• **YOUR INSTRUCTIONS**
Repeat, without any change, the entries presented below.

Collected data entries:
"""

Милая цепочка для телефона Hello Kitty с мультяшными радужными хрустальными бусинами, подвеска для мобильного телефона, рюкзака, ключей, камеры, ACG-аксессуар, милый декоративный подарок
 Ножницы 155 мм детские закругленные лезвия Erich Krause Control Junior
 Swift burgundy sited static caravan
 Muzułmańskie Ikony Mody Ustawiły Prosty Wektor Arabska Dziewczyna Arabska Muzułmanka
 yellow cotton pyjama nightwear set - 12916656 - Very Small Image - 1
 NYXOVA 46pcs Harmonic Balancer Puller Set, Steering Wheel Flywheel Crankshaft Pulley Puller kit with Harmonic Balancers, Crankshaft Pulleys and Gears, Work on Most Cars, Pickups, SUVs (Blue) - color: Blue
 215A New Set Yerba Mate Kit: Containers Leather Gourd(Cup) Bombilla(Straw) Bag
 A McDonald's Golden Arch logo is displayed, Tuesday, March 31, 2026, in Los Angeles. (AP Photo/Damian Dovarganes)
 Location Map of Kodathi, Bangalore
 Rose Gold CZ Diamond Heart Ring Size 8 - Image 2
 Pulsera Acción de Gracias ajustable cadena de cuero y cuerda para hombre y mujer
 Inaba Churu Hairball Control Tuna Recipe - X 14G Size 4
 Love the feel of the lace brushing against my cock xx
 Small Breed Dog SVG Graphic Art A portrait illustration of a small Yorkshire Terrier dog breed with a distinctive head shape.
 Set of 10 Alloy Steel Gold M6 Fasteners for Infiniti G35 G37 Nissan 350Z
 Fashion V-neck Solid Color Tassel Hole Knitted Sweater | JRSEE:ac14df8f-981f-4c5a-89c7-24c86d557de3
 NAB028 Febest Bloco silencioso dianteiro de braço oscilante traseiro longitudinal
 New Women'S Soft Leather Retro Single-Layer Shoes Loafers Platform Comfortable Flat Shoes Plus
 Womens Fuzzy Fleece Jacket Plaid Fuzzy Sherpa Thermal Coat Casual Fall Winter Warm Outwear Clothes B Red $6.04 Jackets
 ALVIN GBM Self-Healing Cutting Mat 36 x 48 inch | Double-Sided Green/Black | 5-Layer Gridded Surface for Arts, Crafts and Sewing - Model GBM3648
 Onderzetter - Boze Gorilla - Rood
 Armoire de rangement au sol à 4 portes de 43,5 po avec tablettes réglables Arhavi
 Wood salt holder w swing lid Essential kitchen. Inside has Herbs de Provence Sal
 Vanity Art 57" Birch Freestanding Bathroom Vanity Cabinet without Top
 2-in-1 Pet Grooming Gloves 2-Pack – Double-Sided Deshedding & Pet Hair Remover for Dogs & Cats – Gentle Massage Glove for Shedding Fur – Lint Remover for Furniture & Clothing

"""

• **THE COMPLETED TASK**
Милая цепочка для телефона Hello Kitty с мультяшными радужными хрустальными бусинами, подвеска для мобильного телефона, рюкзака, ключей, камеры, ACG-аксессуар, милый декоративный подарок
 Ножницы 155 мм детские закругленные лезвия Erich Krause Control Junior
 Swift burgundy sited static caravan
 Muzułmańskie Ikony Mody Ustawiły Prosty Wektor Arabska Dziewczyna Arabska Muzułmanka
 yellow cotton pyjama nightwear set - 12916656 - Very Small Image - 1
 NYXOVA 46pcs Harmonic Balancer Puller Set, Steering Wheel Flywheel Crankshaft Pulley Puller kit with Harmonic Balancers, Crankshaft Pulleys and Gears, Work on Most Cars, Pickups, SUVs (Blue) - color: Blue
 215A New Set Yerba Mate Kit: Containers Leather Gourd(Cup) Bombilla(Straw) Bag
 A McDonald's Golden Arch logo is displayed, Tuesday, March 31, 2026, in Los Angeles. (AP Photo/Damian Dovarganes)
 Location Map of Kodathi, Bangalore
 Rose Gold CZ Diamond Heart Ring Size 8 - Image 2
 Pulsera Acción de Gracias ajustable cadena de cuero y cuerda para hombre y mujer
 Inaba Churu Hairball Control Tuna Recipe - X 14G Size 4
 Love the feel of the lace brushing against my cock xx
 Small Breed Dog SVG Graphic Art A portrait illustration of a small Yorkshire Terrier dog breed with a distinctive head shape.
 Set of 10 Alloy Steel Gold M6 Fasteners for Infiniti G35 G37 Nissan 350Z
 Fashion V-neck Solid Color Tassel Hole Knitted Sweater | JRSEE:ac14df8f-981f-4c5a-89c7-24c86d557de3
 NAB028 Febest Bloco silencioso dianteiro de braço oscilante traseiro longitudinal
 New Women'S Soft Leather Retro Single-Layer Shoes Loafers Platform Comfortable Flat Shoes Plus
 Womens Fuzzy Fleece Jacket Plaid Fuzzy Sherpa Thermal Coat Casual Fall Winter Warm Outwear Clothes B Red $6.04 Jackets
 ALVIN GBM Self-Healing Cutting Mat 36 x 48 inch | Double-Sided Green/Black | 5-Layer Gridded Surface for Arts, Crafts and Sewing - Model GBM3648
 Onderzetter - Boze Gorilla - Rood
 Armoire de rangement au sol à 4 portes de 43,5 po avec tablettes réglables Arhavi
 Wood salt holder w swing lid Essential kitchen. Inside has Herbs de Provence Sal
 Vanity Art 57" Birch Freestanding Bathroom Vanity Cabinet without Top
 2-in-1 Pet Grooming Gloves 2-Pack – Double-Sided Deshedding & Pet Hair Remover for Dogs & Cats – Gentle Massage Glove for Shedding Fur – Lint Remover for Furniture & Clothing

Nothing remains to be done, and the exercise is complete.